### YOUR OBJECTIVE
Write out the data below in full, unchanged, minus the images.

────────

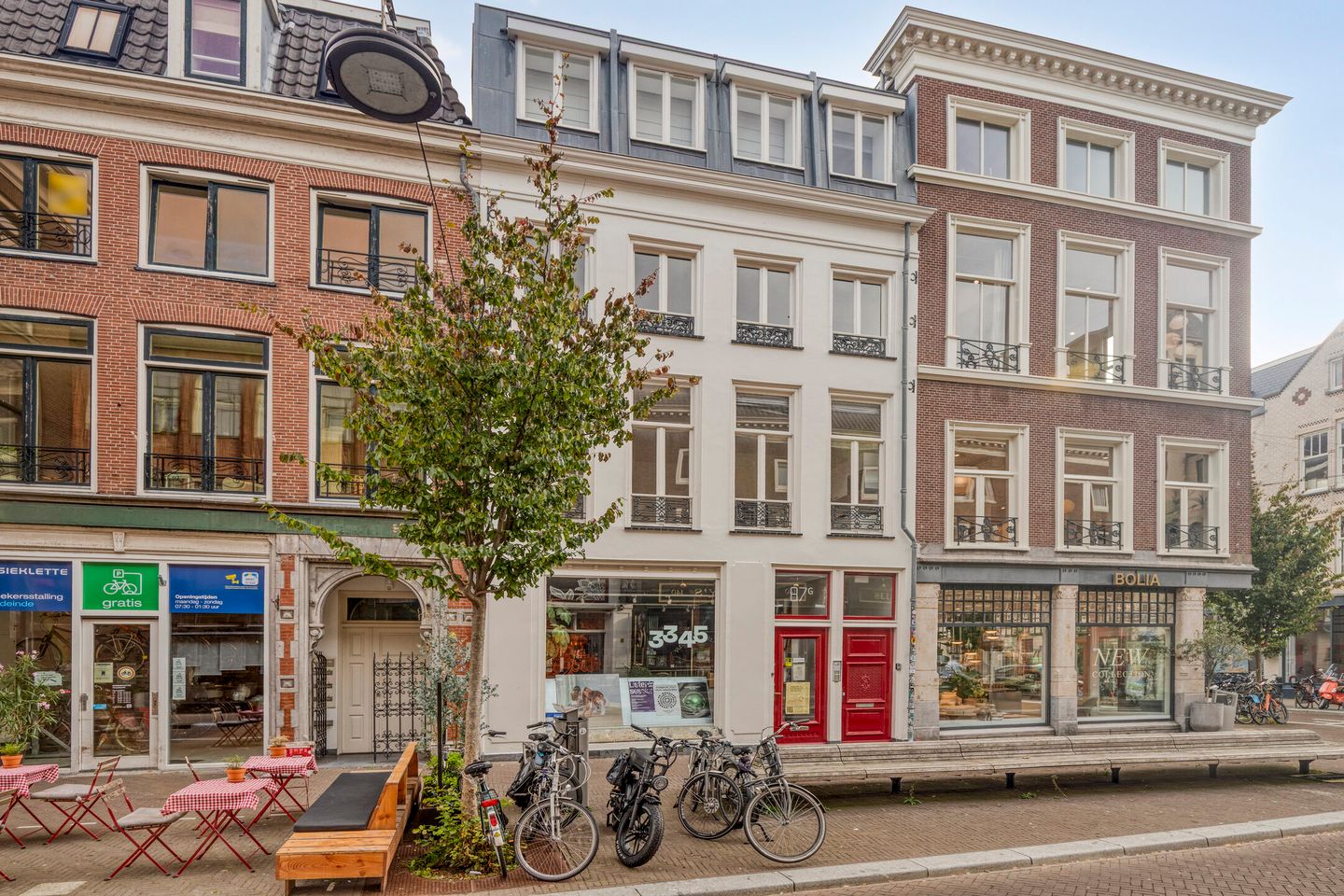 Photo 20 of Noordeinde 87-D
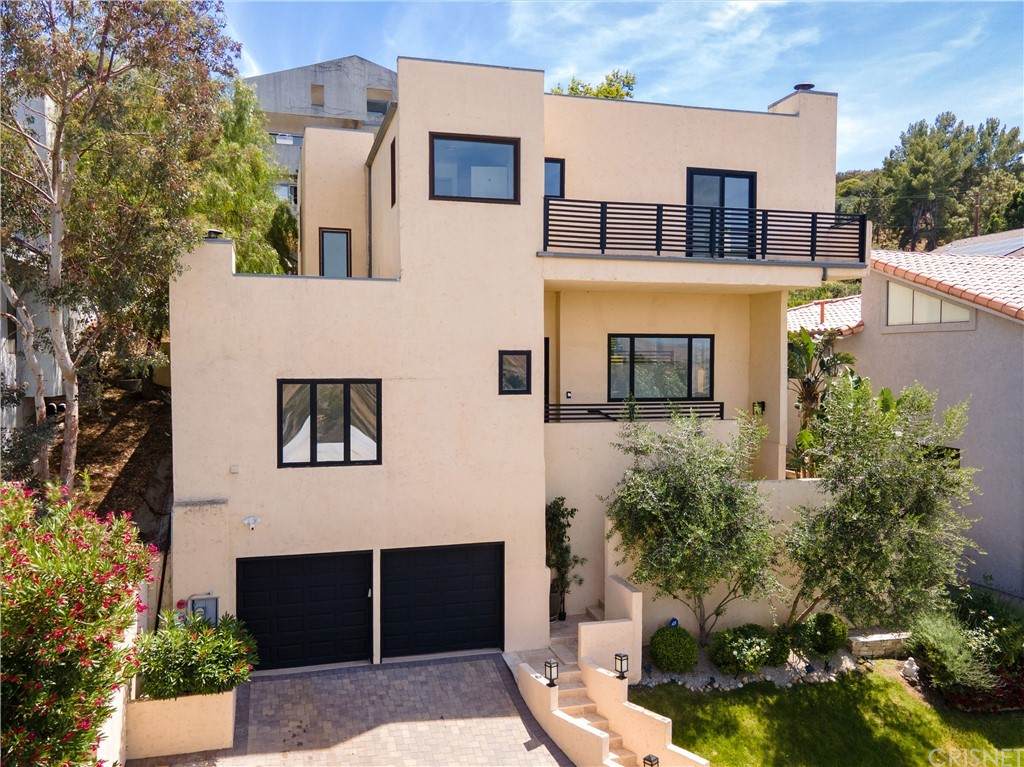 23630 Clover - Photo 1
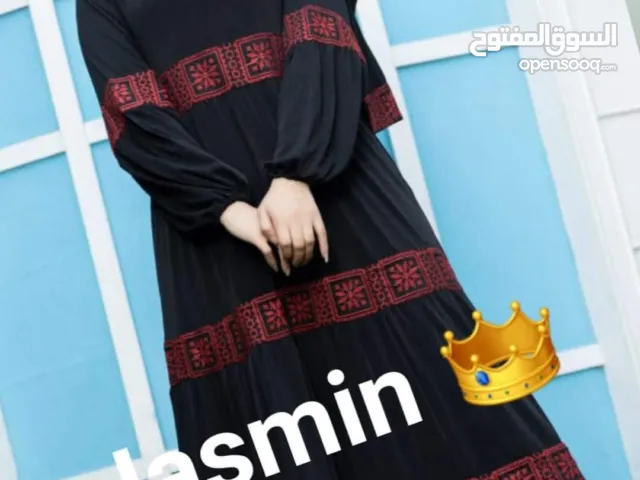 فستان للمحجبات يوجد مقاسات نفس لون الصورة فقط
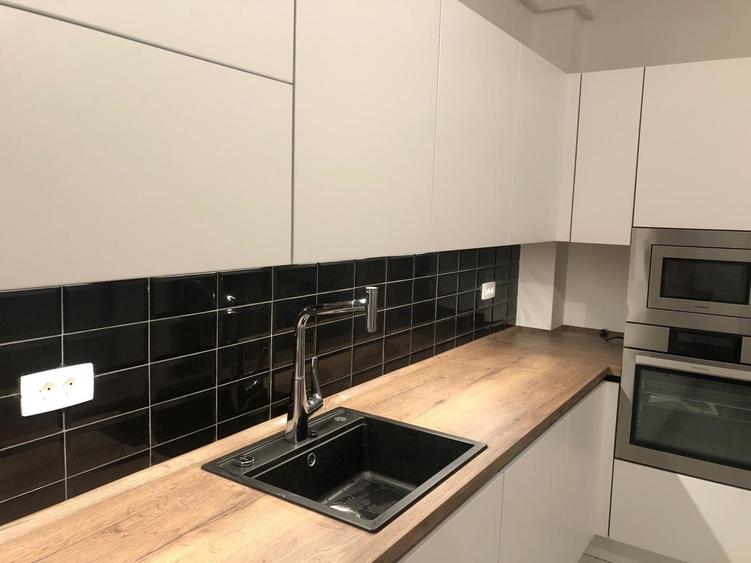 Apartament cu 3 camere decomandat în Exterior Vest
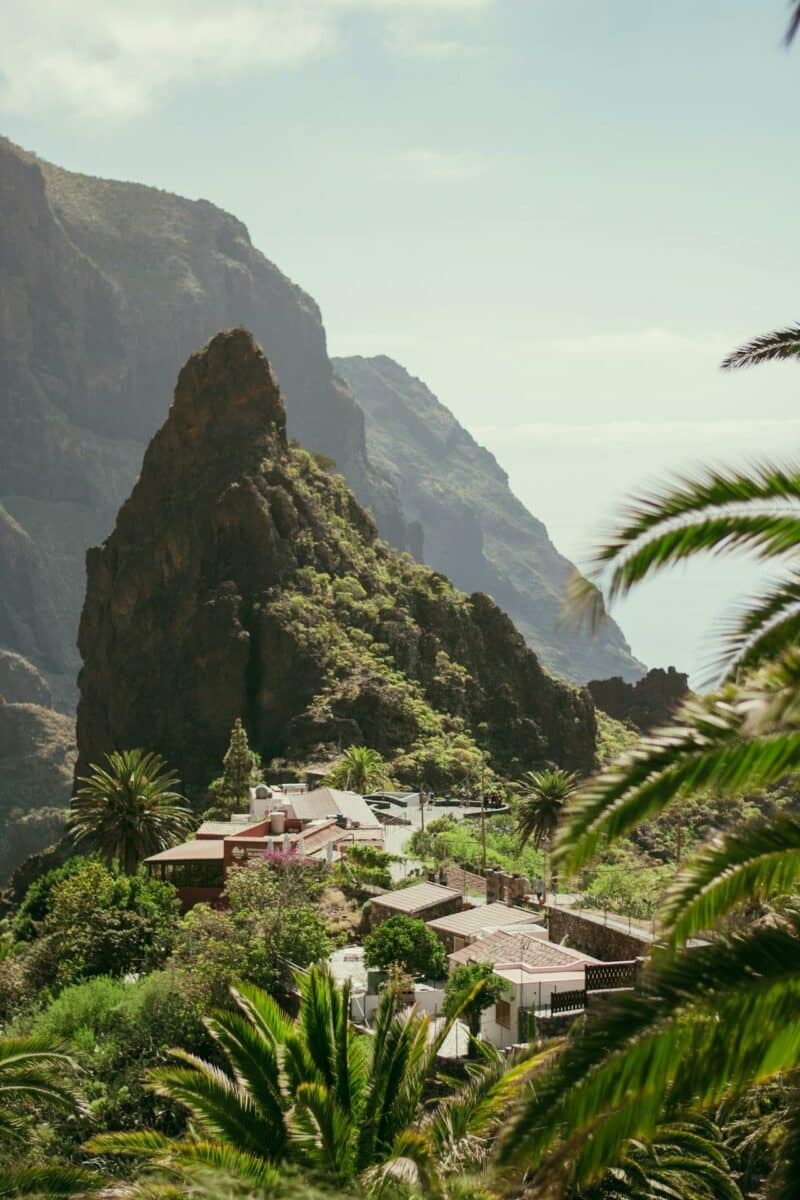 Village paisible entouré de verdure et de montagnes imposantes aux Îles Canaries.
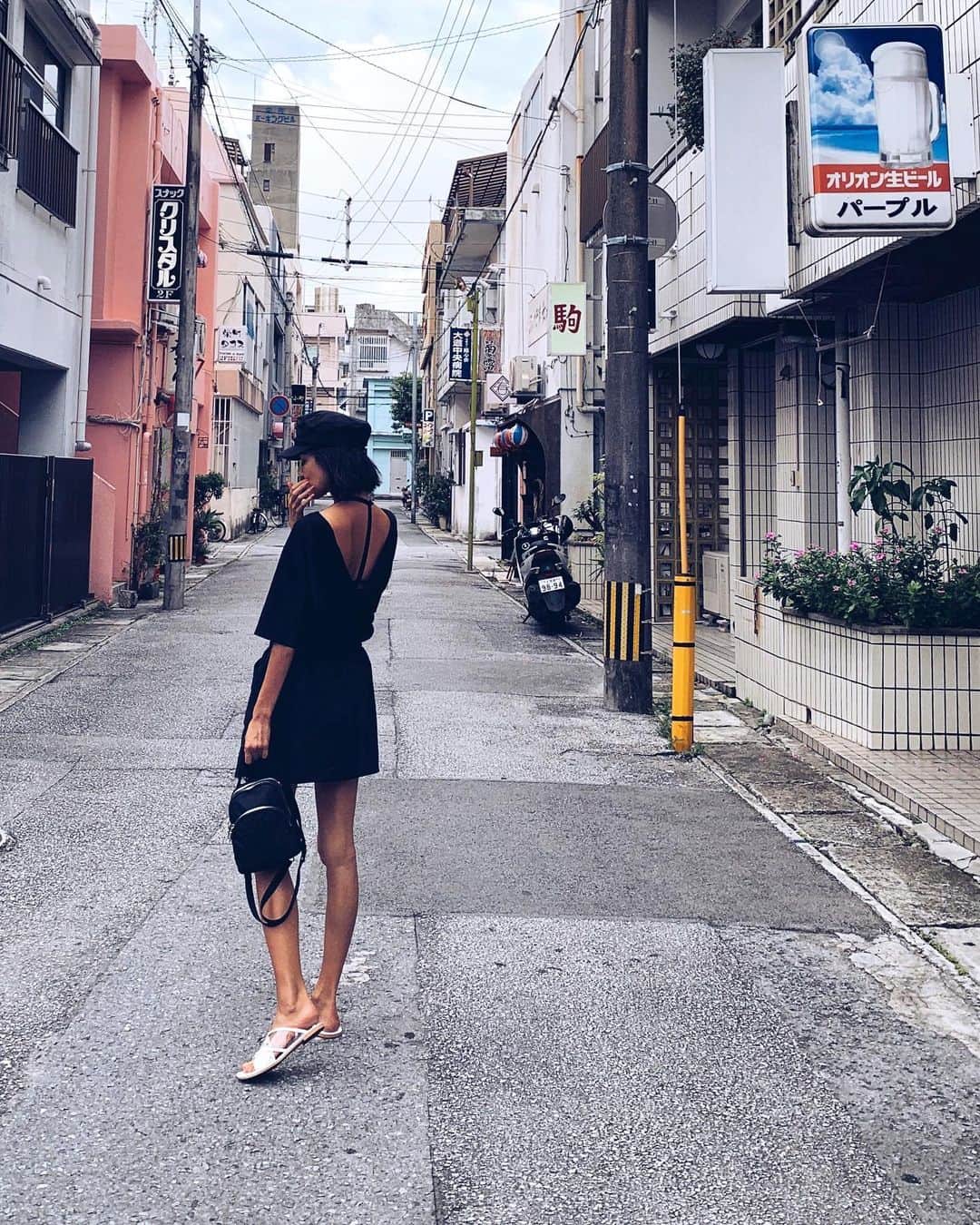 ALISA MATSUMURAさんのインスタグラム写真 - (ALISA MATSUMURAInstagram)「Style:) keep it simple…😎 . モノトーン🖤 珍しくスカート🖤 来月のRULAHの新作です🖤 . 今日は東京のお世話になってる方から 私が沖縄に居るのを知ってわざわざ サプライズでディナーを予約してくれてて ビックリ😭🎂🎁💕 ありがとうございます🙏 . ディナーまで時間あって ゆかとぷらぷら🚶‍♀️🚶‍♀️ 沖縄のこのghettoな感じ大好き。 オリオン生ビールの看板かわいい🍻 . あー。幸せ。 . #RULAHコーデ#RULAH_official#沖縄#今日は那覇ディナー#OKINAWA#ありがとう#モノトーンコーデ#スカートコーデ#大理石サンダル再販します#」6月28日 21時42分 - alisa_raw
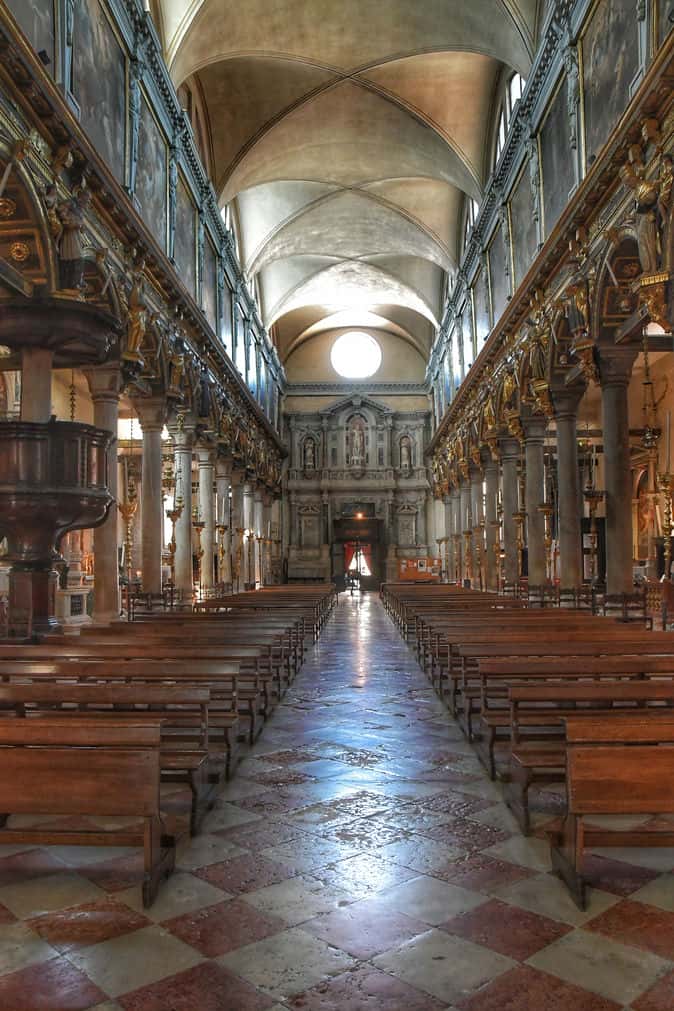 "interno chiesa madonna dei carmini venezia navata centrale con portone ingresso"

────────

### TASK RESULT
 Photo 20 of Noordeinde 87-D
 23630 Clover - Photo 1
 فستان للمحجبات يوجد مقاسات نفس لون الصورة فقط
 Apartament cu 3 camere decomandat în Exterior Vest
 Village paisible entouré de verdure et de montagnes imposantes aux Îles Canaries.
 ALISA MATSUMURAさんのインスタグラム写真 - (ALISA MATSUMURAInstagram)「Style:) keep it simple…😎 . モノトーン🖤 珍しくスカート🖤 来月のRULAHの新作です🖤 . 今日は東京のお世話になってる方から 私が沖縄に居るのを知ってわざわざ サプライズでディナーを予約してくれてて ビックリ😭🎂🎁💕 ありがとうございます🙏 . ディナーまで時間あって ゆかとぷらぷら🚶‍♀️🚶‍♀️ 沖縄のこのghettoな感じ大好き。 オリオン生ビールの看板かわいい🍻 . あー。幸せ。 . #RULAHコーデ#RULAH_official#沖縄#今日は那覇ディナー#OKINAWA#ありがとう#モノトーンコーデ#スカートコーデ#大理石サンダル再販します#」6月28日 21時42分 - alisa_raw
 "interno chiesa madonna dei carmini venezia navata centrale con portone ingresso"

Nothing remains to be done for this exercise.